A new tax framework proposed in the US reinstates several important tax provisions that NTMA and PMA have been pushing for. PHOTO courtesy Okuma.
The National Tooling and Machining Association (NTMA) and The Precision Metalforming Association (PMA) are applauding the bipartisan, bicameral tax framework announced by US House Ways and Means Committee Chairman Jason Smith (MO-08) and US Senate Finance Committee Chairman Ron Wyden (D-OR).
The framework includes reinstating several important tax provisions that NTMA and PMA have advocated for to boost U.S. manufacturing, including: R&D expensing retroactive to January 1, 2022 and through 2025 while eliminating the requirement to amortize and capitalize R&D activities; 100% full expensing (bonus depreciation) retroactive to January 1, 2023; full EBITDA standard for 163(j) business interest loan deductions retroactive to January 1, 2023; and increases to Section 179 small business expensing.
A January 2024 One Voice survey of NTMA and PMA members indicated that due to R&D being expired last year, 35% of respondents reduced their research and development activities. In addition, 41% of members surveyed reduced their capital investments due to expensing being reduced from 100% to 80% in 2023.

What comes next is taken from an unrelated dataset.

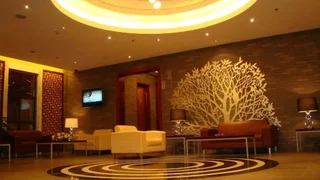 Хуаншань: Jinjiang Inn Tunxi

“I congratulate Chairmen Smith and Wyden for reaching agreement on this bicameral and bipartisan tax framework that is urgently needed by small and medium-size manufacturers,” said NTMA President Roger Atkins. “Efforts to restore these tax provisions are essential to maintaining U.S. manufacturing competitiveness. American manufacturing is the backbone of this U.S. economy, and Congress needs to restore these provisions that help small businesses invest in capital equipment so that they can continue to grow.”

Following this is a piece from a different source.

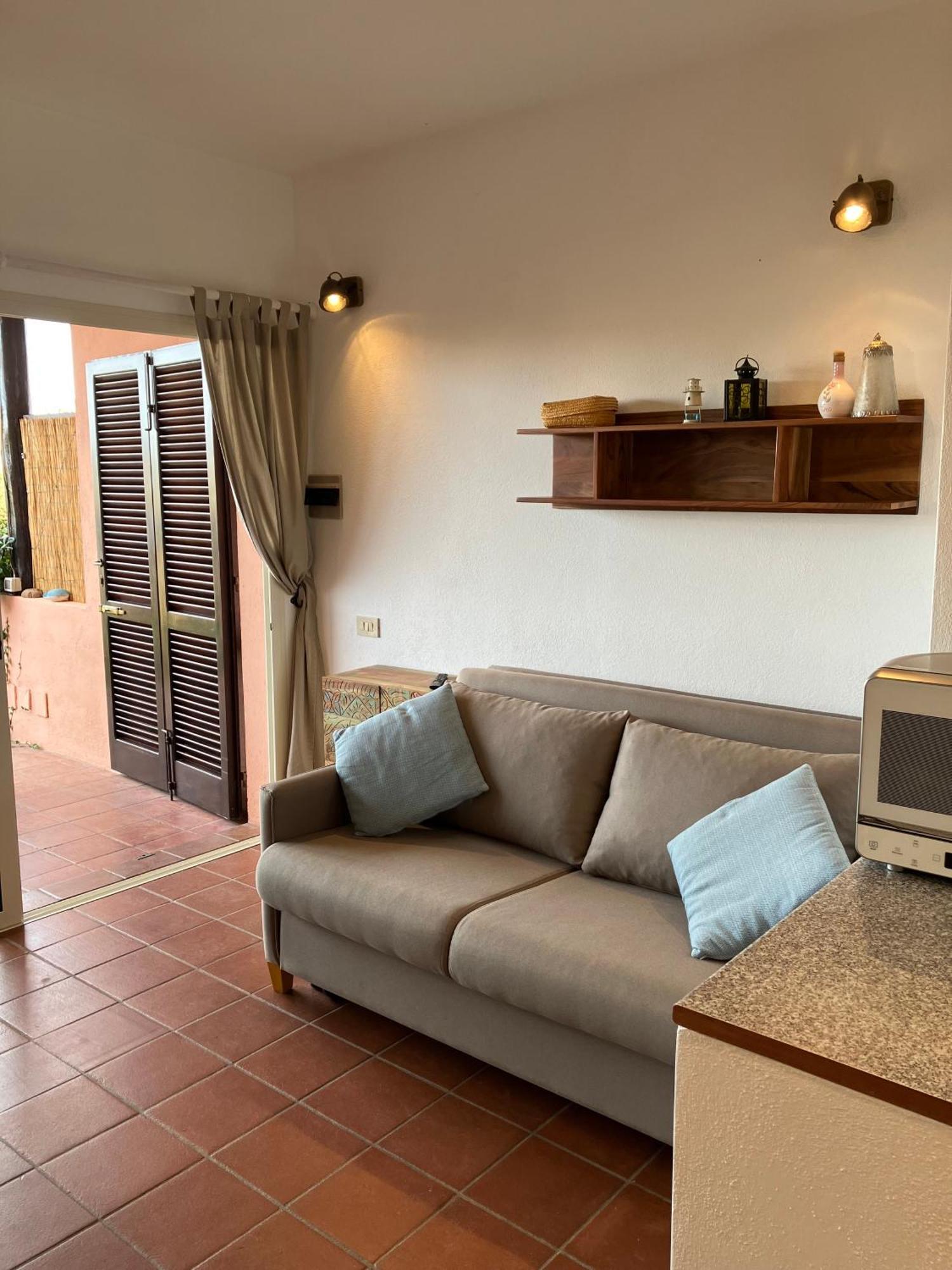 Casetta Spinnaker Appartement Palau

“The lapse of R&D expensing alone is costing U.S. manufacturers millions,” said PMA President David Klotz. “This country has the most innovative manufacturers in the world, but we cannot fall behind China and other global competitors in continuing to invest in research and development. Chairmen Smith and Wyden are to be commended for leading this effort to reinstate these important tax provisions.”